You know, as I was telling TFB in an email minutes ago, being strong physically and morally is helping me to deal with my vulnerable side. I wanna be strong, I want to be powerful. I want to show I'm not a whimp. I am a woman, I'm feminine but I'm not incapable. I grew up in a household that did not give us the possibility to be both feminine and courageous/strong. I want to be able to cook awesomely yummy food and work my ass off physically. I want the best of both world. I want it all. I can, I am me, a capable, intelligent,caring and strong woman and yet at the same I have a very vulnerable side. I'm very sweet and nurturing and I DO want the best of those two worlds.

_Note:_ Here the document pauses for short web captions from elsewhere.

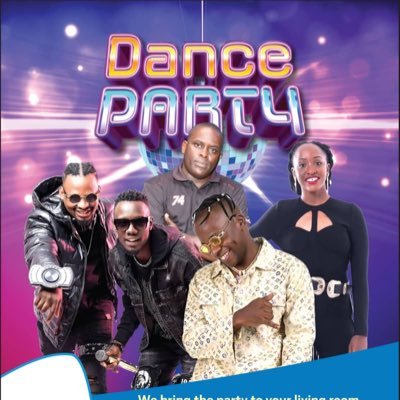 The Certified Saturday Night Dance Party on @ntvuganda from 10PM till late.
#NTVDanceParty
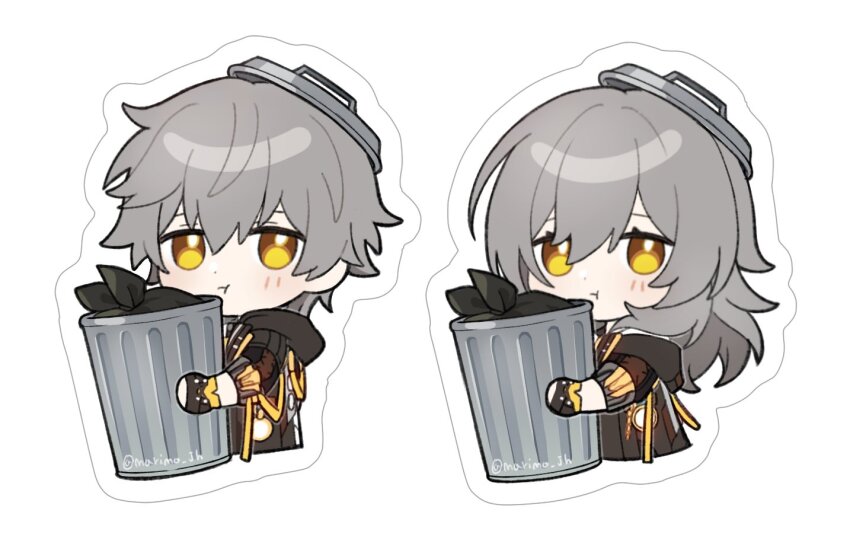 Caelus (Honkai: Star Rail) Rule 34 Image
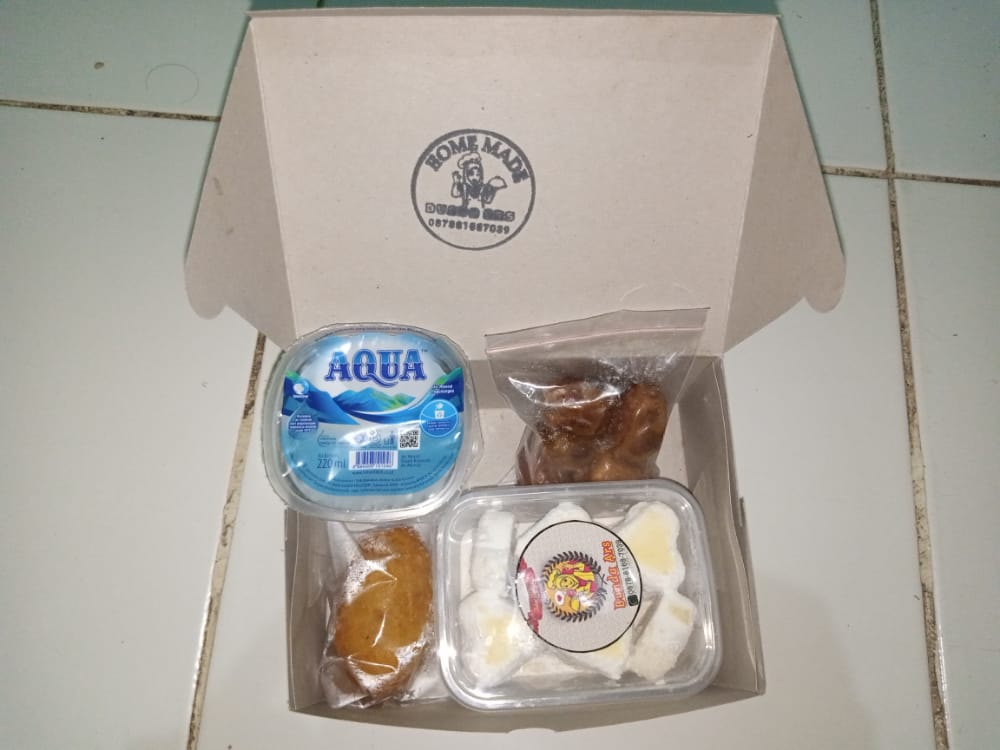 Snack Box Paket C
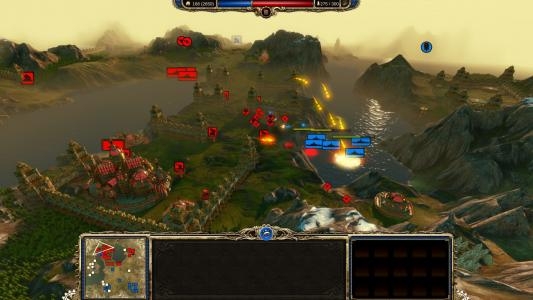 Divinity: Dragon Commander screenshot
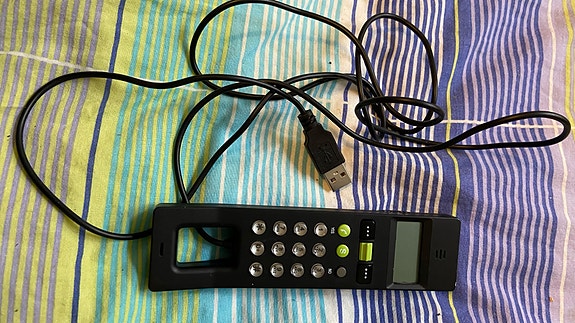 Skype Phone with USB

Do you not want the same? Why should we women just be good in bed or at being pretty and nurturing? Why can't we have it all? The strength, the power, the intelligence, and yet the caring, nurturing, motherly side? I want people to remember me as ME.
If I were to die today, I'd want written on my epitaph " She could do it all".
I have to be careful, I have a lot of pride, I have a tendency to overdo, I push myself. This morning after 3 hours of shoveling TFB said "Girl, you're exhausted, it's OK to stop and relax a bit. I can see it, you're drained, it's OK to stop". Later he told me that pride is bad, it's ok to have limits, it's more OK to listen to them and respect them. He's right! He's a wise guy and when he tells me stuff like this, I always know he's right and I believe him.
Lesson 1: Challenging yourself is great.
Lesson 2: Snow is damn heavy, especially after being on the roof since November and after tons of it plus rain and cold and snow and snow... (You get the picture)
Lesson 3: Always go on a roof with people you trust.
Lesson 4: The day after such a heavy exercice is going to be hard, so did TTF say.
Lesson 5: Fleece mitens weren't such a good idea! Those POS were soaked within an hour.
I'm dragging my ass back to my show. 5th season of Fortier.